Jun. 7—MONROEVILLE — The Ohio Academy of Science State Science Day results were released on Friday, and Scarlett Shupe and Kiahna Smith, two fifth-grade students from Monroeville Elementary School, earned a superior rating for their science project.
A Superior rating is the highest possible rating that can be earned. The girls also won the Dr. Lynn E. Elfner Young Scientist Award, which was awarded by the Ohio Academy of Science Staff for outstanding science projects in grades 5 to 8. The young scientist award comes with a $100 prize.
The girls started working on their science project in November. They spent a few weeks designing and building their project apparatus and several more weeks observing how different gear combinations affect torque. Their science project was inspired by their experience with robotics at Monroeville Elementary School, which is where they first learned about gear combinations and torque.

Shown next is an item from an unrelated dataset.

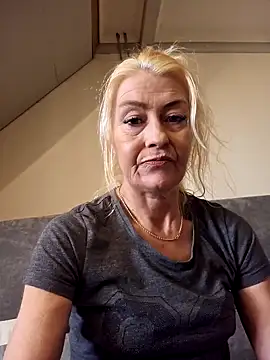 lisalustjouw online show from 03/19/25, 09:17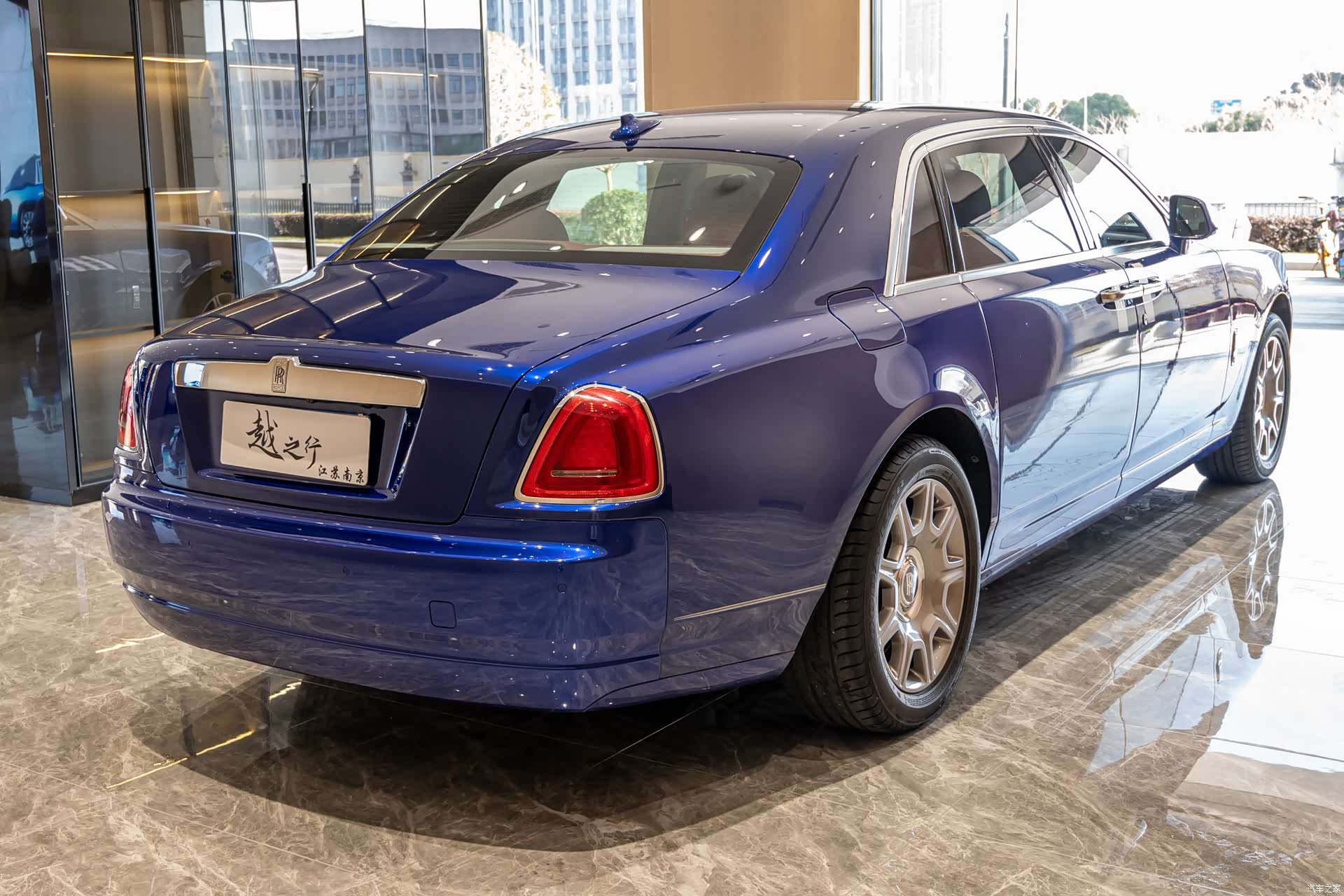 Rolls-Royce Ghost, 2016 2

The Ohio Academy of Science, which was established in 1891, is a non-profit organization that promotes science and science education in Ohio. The OAS governs the state science competition, which ordinarily takes place at The Ohio State University, but was held virtually this year. This year marks the 74th year that the organization has been hosting science competitions for students in Ohio. Even Neil Armstrong competed at an OAS governed event when he was a high school student.
The state science competition is the highest pinnacle of scientific research for students in grades 5 to 12. To compete at the state competition, students had to qualify by earning a superior rating at a regional science fair. In all, there are 17 different regions to account for all of the counties in Ohio. More than 600 students from schools all over Ohio entered the state science competition.
Kiahna and Scarlett were the only two students from Huron and Erie counties to compete at both the regional and state event.